Quantification of glomerular epithelial cell adhesion by using anti-DNA antibodies in ELISA

• Published in: Hybridoma Vol. 11; no. 4; p. 529
• Main Authors: Coers, W, Huitema, S, Smeenk, R J, Salant, D J, Grond, J, Weening, J J
• Format: Journal Article
• Language: English
• Published: United States 01.08.1992
• Subjects: Animals; Antibodies, Antinuclear; Antibodies, Monoclonal; Cell Adhesion - immunology; Cells, Cultured; Enzyme-Linked Immunosorbent Assay; Epithelial Cells; Epithelium - immunology; Hybridomas - immunology; Kidney Glomerulus - cytology; Kidney Glomerulus - immunology; Rats
• ISSN: 0272-457X; 2168-7897
• DOI: 10.1089/hyb.1992.11.529

A sensitive and reproducible microassay is described for quantification of adhesion of cells to matrix-coated 96-wells plates under different experimental conditions. For this purpose glomerular visceral epithelial cells (GVEC) were used. Attached GVEC were fixed with methanol and incubated with a monoclonal anti-DNA antibody. Following standard procedures, the amount of bound antibody was quantified by ELISA. A positive linear relationship in the range of 800-5000 cells per well was found between OD values and cell numbers obtained by hand-counting (r = 0.94, p less than 0.001).

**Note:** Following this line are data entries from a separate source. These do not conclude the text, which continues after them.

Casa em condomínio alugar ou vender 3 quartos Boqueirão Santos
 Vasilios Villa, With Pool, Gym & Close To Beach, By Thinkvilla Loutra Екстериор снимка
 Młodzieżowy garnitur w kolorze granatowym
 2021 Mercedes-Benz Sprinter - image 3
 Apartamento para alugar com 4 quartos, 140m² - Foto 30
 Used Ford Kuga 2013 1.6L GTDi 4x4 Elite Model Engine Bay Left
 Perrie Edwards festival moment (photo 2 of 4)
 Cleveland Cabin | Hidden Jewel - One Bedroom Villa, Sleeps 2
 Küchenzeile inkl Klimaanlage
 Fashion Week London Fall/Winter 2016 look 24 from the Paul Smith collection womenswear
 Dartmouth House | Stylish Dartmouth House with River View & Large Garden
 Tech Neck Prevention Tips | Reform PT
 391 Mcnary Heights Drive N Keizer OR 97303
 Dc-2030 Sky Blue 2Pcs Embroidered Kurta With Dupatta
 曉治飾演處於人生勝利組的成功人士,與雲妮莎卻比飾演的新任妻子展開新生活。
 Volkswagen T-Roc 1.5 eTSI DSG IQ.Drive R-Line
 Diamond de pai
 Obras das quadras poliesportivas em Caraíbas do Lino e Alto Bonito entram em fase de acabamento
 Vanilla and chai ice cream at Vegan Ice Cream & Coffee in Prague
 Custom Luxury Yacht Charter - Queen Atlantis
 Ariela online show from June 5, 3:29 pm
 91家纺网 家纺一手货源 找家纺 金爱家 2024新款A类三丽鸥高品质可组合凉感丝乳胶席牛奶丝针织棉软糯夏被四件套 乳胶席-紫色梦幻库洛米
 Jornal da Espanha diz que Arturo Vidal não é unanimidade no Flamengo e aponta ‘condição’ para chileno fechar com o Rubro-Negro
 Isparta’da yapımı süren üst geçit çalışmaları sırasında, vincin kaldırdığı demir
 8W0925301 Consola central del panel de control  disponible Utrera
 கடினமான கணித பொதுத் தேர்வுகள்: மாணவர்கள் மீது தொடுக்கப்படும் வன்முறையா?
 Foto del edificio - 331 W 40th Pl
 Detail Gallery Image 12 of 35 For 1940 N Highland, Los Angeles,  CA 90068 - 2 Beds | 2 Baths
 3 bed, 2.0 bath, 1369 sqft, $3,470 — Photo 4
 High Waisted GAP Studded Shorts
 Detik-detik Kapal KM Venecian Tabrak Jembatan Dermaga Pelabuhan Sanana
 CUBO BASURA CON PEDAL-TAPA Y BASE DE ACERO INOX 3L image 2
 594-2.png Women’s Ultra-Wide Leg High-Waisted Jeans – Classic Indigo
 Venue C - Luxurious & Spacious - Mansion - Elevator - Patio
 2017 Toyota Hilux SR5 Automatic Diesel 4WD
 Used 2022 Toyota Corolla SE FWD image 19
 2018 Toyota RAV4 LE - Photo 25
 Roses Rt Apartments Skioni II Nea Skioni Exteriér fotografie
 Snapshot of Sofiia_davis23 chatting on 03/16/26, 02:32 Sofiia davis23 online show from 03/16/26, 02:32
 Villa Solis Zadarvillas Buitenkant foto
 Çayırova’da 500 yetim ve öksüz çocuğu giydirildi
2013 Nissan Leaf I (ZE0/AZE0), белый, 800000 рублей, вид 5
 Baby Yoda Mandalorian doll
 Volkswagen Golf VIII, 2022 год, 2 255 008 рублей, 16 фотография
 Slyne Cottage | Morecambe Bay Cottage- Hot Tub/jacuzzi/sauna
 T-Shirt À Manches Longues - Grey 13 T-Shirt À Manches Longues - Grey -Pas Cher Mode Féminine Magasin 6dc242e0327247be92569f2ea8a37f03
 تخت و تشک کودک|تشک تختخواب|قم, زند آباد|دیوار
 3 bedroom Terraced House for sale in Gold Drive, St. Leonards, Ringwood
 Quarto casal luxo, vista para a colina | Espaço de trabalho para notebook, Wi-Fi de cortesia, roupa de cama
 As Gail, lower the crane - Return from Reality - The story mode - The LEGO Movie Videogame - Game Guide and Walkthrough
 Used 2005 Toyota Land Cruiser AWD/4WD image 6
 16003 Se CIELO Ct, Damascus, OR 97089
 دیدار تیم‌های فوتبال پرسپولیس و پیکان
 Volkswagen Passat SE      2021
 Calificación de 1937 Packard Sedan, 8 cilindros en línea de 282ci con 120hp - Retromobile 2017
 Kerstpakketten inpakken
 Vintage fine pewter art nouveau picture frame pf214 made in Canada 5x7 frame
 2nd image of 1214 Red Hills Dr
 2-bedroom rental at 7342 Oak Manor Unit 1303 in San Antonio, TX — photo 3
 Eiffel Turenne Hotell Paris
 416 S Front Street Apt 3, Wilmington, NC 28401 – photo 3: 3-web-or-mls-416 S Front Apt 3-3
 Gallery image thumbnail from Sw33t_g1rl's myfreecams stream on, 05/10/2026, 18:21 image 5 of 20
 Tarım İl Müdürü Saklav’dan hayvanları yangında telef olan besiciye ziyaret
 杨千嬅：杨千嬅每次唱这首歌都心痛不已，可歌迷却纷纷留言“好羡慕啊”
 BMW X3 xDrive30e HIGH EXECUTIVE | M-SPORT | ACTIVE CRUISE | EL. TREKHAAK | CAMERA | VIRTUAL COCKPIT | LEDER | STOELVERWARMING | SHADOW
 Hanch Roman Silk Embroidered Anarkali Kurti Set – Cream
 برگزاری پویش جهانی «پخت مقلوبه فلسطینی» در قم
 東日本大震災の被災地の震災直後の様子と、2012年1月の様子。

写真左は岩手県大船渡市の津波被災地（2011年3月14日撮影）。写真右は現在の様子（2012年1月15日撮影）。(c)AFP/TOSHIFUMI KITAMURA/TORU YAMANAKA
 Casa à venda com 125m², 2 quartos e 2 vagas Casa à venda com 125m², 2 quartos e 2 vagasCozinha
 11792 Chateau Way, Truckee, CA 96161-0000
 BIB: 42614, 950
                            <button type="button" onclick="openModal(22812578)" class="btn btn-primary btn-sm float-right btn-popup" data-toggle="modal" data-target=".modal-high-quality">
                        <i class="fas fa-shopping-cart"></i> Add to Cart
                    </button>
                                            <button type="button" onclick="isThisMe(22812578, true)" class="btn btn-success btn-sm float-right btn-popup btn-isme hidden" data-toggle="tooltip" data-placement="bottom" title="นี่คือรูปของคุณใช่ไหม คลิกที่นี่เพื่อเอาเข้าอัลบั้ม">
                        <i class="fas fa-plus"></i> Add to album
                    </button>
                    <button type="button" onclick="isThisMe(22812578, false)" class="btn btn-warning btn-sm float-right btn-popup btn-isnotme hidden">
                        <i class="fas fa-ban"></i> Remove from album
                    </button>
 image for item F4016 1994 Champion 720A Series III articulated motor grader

The assay is 10 to 100 times more sensitive than most other adhesion assays. The applicability of the ELISA assay was demonstrated by manipulation of the temperature during adhesion and by using different concentrations of the matrix-molecules fibronectin, EHS-laminin and collagen type I. The ELISA assay was found to be unaffected by non-specific interaction of anti-DNA antibodies with the matrix molecules used for coating. The assay was neither affected by potential release of DNA from the GVEC under these different experimental conditions. In conclusion, this cell adhesion microassay is simple, reliable, sensitive, and cost-effective, since it requires small amounts of GVEC and reagents.